Manufactured by Wilson Sporting Goods, The Duke is a throwback, a tribute and a piece of precision engineering packed into one elongated leather orb. The NFL will use it in every game, including the Super Bowl, and it is the first rebranding of the league's official ball since 1969.
The story of The Duke begins in 1940 when George Halas, owner of the Chicago Bears, and Timothy Mara, owner of the New York Giants, chose Wilson to be the NFL's football supplier. A year later, Wilson unveiled a redesigned football and called it The Duke after Mara's son, Wellington, who had become co-owner of the Giants in 1930 at age 14.
The Duke would be the league's game ball for the next 28 years and would help define the NFL's seminal moments. The Duke was discontinued after the 1970 Super Bowl. A new ball was introduced with the start of the next season, which marked inclusion of the American Football League in the NFL, a development that Wellington Mara had spearheaded. The latest incarnation honors its namesake, Wellington "Duke" Mara, who died in 2005 at the age of 89 as one of the most influential owners in NFL history.
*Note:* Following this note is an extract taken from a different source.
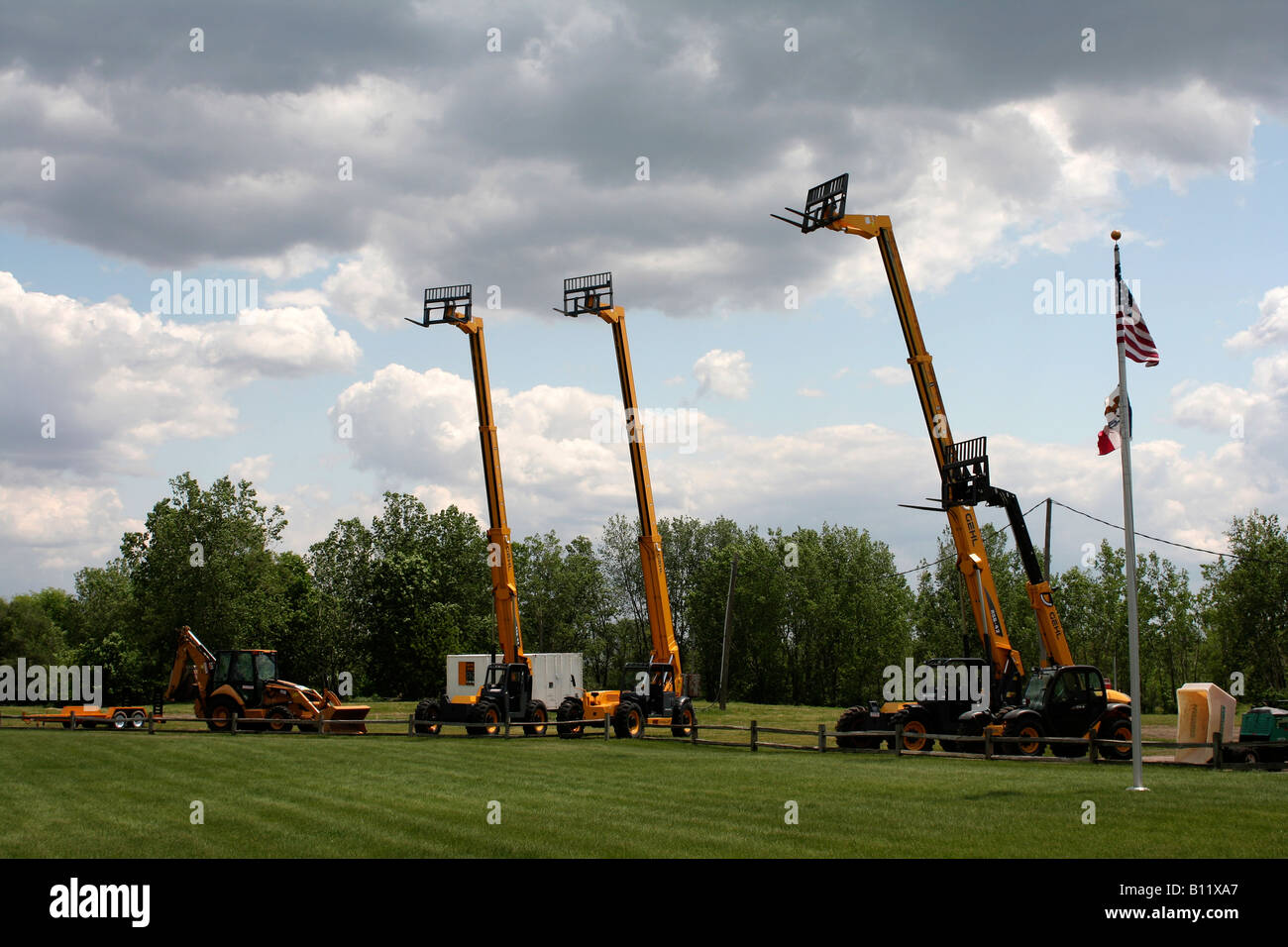Mechanical giraffes telescoping high lift forklifts Stock Photo Alamy
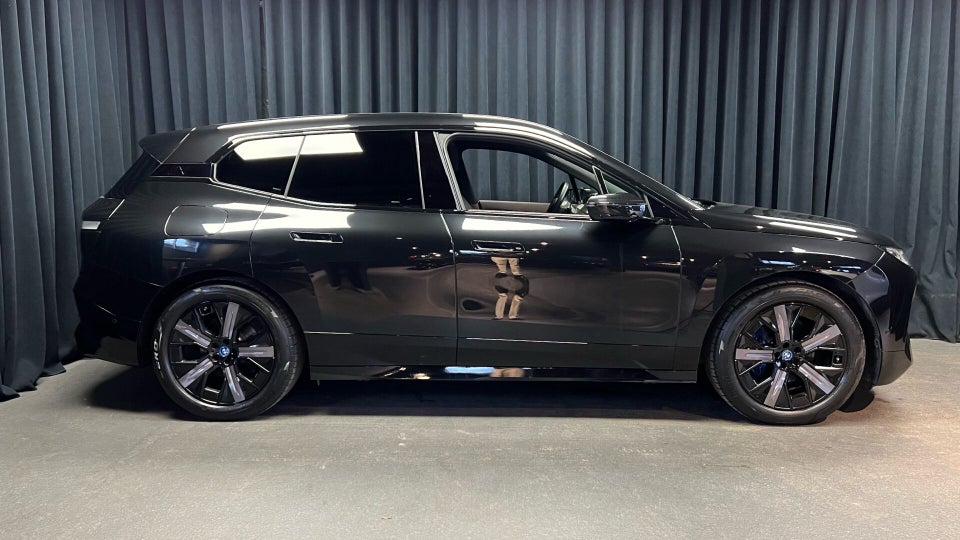 BMW iX xDrive40 5d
Other than the logo, the ball is identical to that used last year and, with the exception of some minor tweaks, is the same ball used for the last 25 years. Wilson's Ada, Ohio, football factory turns out some 700,000 pigskins a year, using the same skill-intensive process, in which top-grade cowhide leather is pressed and shaped, stitched and laced around a synthetic bladder (originally it was a pig bladder, hence the pigskin). Lock-stitching is the key to the ball's durability, integrity of shape and performance in the NFL's bone-crunching conditions. We think it will hold up just fine for your touch football game on Thanksgiving Day.